El Papa, en un documento titulado «El compromiso y la conducta de los católicos en la vida política», ha propinado un pertinente y merecido varapalo a los políticos católicos y a las organizaciones y publicaciones que se declaran católicas y que abdican de la defensa pública de sus convicciones morales. Juan Pablo II les invita a construir una nueva cultura inspirada en el Evangelio. Los casos más flagrantes citados son los que se refieren al desprecio a la vida y a los derechos de los más débiles y a la equiparación del matrimonio con la situación de las parejas de hecho. La marea progresista de la corrección política y la asunción masiva del relativismo ético han provocado una cobarde estrategia de repliegue de muchos católicos ante una propaganda más ruidosa que conforme a las convicciones mayoritarias. Vivimos en muchos países occidentales en una sociedad desacralizada en la que los valores cristianos ocupan un lugar residual. En suma, vivimos un catolicismo débil.
Ni los más obtusos portavoces del progresismo retrógrado podrán reprochar al Pontífice la defensa de posiciones acomodaticias. Ni en este caso, ni en su actitud hacia el eventual ataque de Estados Unidos contra Irak. Pero no parece aventurado esperar la avalancha de críticas que tratarán de verter sobre el limpio y claro documento las falsas manchas de fundamentalismo o totalitarismo. Equivocan el blanco. Refutar el relativismo ético y llamar al compromiso político de los católicos nada tiene que ver con la imposición a todos de las convicciones de algunos que, por otra parte, son muchos. El texto defiende explícitamente el carácter laico de la sociedad y la separación de las esferas civil y religiosa. Por otra parte, la mayoría de los principios de la moral cristiana no son asunto de fe sino que aspiran a la universalidad mediante la asunción libre. El católico que opina y vota en conciencia no impone nada a nadie. Hace lo mismo que el que no lo es. ¿Acaso concebir el aborto como un derecho es una opinión lícita y negarlo un ejercicio dogmático? ¿Acaso equiparar el matrimonio a las parejas de hecho está permitido y distinguirlos es intolerable? Al menos, habrá que discutirlo. Mas es una curiosa, y dogmática y totalitaria, extravagancia, presuponer, ante una disyuntiva moral, que sólo una de las alternativas puede ser defendida. Estrafalaria concepción del pluralismo.

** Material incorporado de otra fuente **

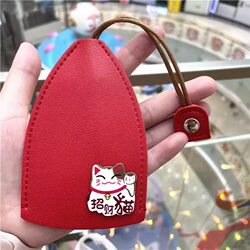 Pull-Out Key Case Storage Mini Protective Cover for Men's Home, Women's Car, Universal Cute Cartoon Car Key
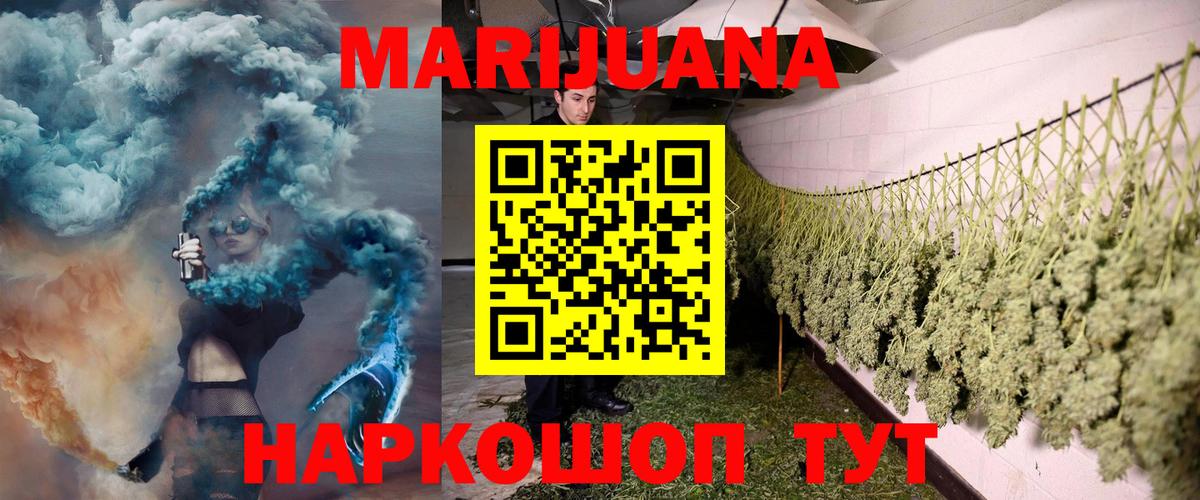 Бошки марихуана Ganja Асино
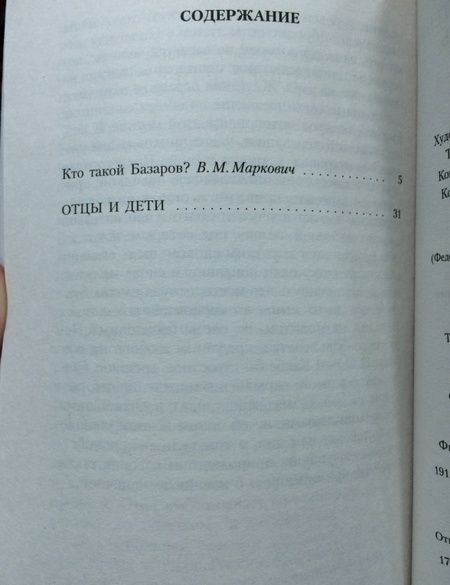 Фотография книги "Тургенев: Отцы и дети"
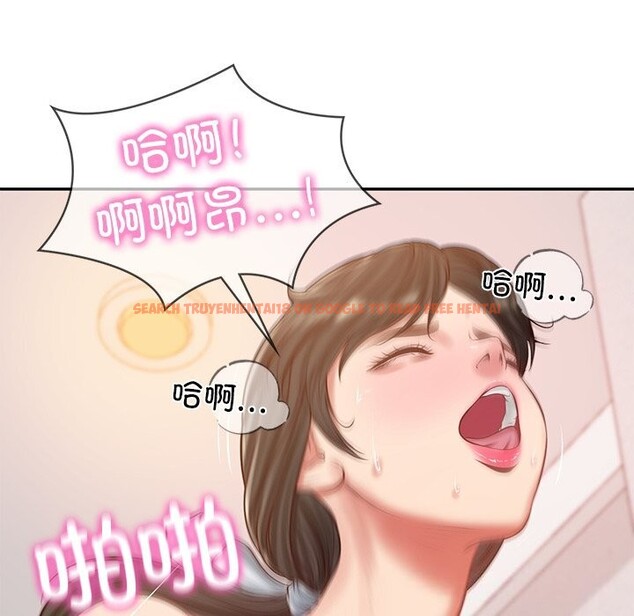 查看漫画財閥家的女婿 - 第46話 - www.tymanga.com中的3766328图片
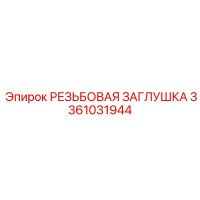 3361031944 РЕЗЬБОВАЯ ЗАГЛУШКА Epiroc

Naturalmente, hay que distinguir entre el ámbito del derecho y el de la moral. No todo el orden moral debe ser impuesto a través de la coacción jurídica, pero eso no impide que la moral deba inspirar el contenido del derecho. Y de lo que se trata es de precisar cuáles son esos principios, cuál su contenido. La estrategia es clara. Se trata de confundir las cosas y equiparar la libertad religiosa con la reclusión del fenómeno religioso en la mera vida privada. De manera que cualquier pretensión de que los valores cristianos puedan inspirar la vida pública es refutada con el estigma del fundamentalismo. Ante este acoso, muchos católicos, quizá por debilidad o cobardía, acaban por defender lo que menos riesgos provoca. Y más aún cuando se dedican a la política y tienen que buscar el voto. Pero acaso el ruido progresista sea mayor que las nueces de su vigencia. Por lo demás, en las cuestiones mencionadas no se ventila ningún asunto de fe sino algo que pueden resolver la conciencia moral, la racionalidad y el sentido común. No hay aquí nada que imponer y sí mucho que defender. Cada uno debe aferrarse a sus principios, y no imponerlos sino convencer.